Throughout his writing Paul often lists his accomplishments juxtaposed by his faults and his belief that he was the chief of sinners. But in this chapter, he gets real about a hardship in his life, his “thorn in the flesh”. He’s honest in saying that he wishes he didn’t have it, had asked God to take it away, but he sees the benefits in his life. The first benefit is listed in verse 6.
“For though I would desire to glory, I shall not be a fool; for I will say the truth: but now I forbear, lest any man should think of me above that which he seeth me to be, or that he heareth of me.”
Paul saw this thorn in the flesh, this pain of some sort in his life, as a deterrent to becoming a fool. It kept him from being a know-it-all who thought very highly of himself.
There are many types of fools in the Bible, but the lesson that I learned from pain was to not be a fool that only focuses on the temporal instead of the eternal. Like the foolish virgins in Matthew 25 who were not prepared for the coming of the Bridegroom, the rich man in Luke 12 was a fool because he was only focused on the present and temporal.

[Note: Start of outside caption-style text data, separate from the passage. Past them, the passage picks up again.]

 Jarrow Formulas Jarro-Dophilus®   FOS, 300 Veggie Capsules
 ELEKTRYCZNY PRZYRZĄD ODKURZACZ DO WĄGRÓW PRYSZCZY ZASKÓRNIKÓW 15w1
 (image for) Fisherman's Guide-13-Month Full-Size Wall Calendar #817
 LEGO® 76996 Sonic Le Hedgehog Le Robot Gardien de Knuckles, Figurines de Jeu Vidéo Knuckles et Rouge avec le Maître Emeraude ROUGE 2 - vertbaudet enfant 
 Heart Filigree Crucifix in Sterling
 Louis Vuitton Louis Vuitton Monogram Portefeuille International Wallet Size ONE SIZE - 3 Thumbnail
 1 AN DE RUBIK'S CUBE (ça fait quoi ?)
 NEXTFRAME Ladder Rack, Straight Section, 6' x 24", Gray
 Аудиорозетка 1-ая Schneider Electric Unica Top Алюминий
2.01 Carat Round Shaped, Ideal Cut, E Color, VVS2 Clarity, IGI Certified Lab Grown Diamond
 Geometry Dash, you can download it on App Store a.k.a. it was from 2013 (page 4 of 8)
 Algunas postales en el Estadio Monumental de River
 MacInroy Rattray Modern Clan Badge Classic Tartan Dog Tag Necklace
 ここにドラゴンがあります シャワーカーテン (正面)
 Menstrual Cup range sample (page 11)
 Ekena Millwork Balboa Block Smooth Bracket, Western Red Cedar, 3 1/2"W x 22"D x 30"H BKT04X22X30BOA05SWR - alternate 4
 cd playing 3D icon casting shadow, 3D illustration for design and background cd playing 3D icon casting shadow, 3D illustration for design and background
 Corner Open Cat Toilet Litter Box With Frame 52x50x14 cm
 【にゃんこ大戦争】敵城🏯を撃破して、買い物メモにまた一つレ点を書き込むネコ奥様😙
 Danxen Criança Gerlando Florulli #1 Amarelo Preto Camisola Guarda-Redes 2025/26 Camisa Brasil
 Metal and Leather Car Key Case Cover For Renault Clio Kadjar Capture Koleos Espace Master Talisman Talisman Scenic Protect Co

“And he spake a parable unto them, saying, The ground of a certain rich man brought forth plentifully: And he thought within himself, saying, What shall I do, because I have no room where to bestow my fruits? And he said, This will I do: I will pull down my barns, and build greater; and there will I bestow all my fruits and my goods. And I will say to my soul, Soul, thou hast much goods laid up for many years; take thine ease, eat, drink, and be merry. But God said unto him, Thou fool, this night thy soul shall be required of thee: then whose shall those things be, which thou hast provided? So is he that layeth up treasure for himself, and is not rich toward God.”
There is something about pain that makes you long for Heaven. I honestly forget what its like to live without being in pain every day, but I can sure dream about Heaven! Of course there are many more important and spiritual things to look forward to, but that’s definitely close to the top of the list for me! Its so easy to forget that we are strangers and pilgrims here. So easy to be constantly worried about the temporal instead of building treasures in Heaven. Its so hard to keep our hearts focused on what really matters and sometimes we need a little nudge to remind us what life is really about, why we’re really here, and that this is not our home.
I love these verses in Hebrews 11, the great “faith chapter”.
“These all died in faith, not having received the promises, but having seen them afar off, and were persuaded of them, and embraced them, and confessed that they were strangers and pilgrims on the earth. For they that say such things declare plainly that they seek a country. And truly, if they had been mindful of that country from whence they came out, they might have had opportunity to have returned. But now they desire a better country, that is, an heavenly”
They didn’t just believe in the promise of Heaven, they were persuaded, embraced it, confessed it, and were mindful of it. If only every day, I could be persuaded to embrace the eternal. Pain has taught me to desire a better country, and for that, I am grateful.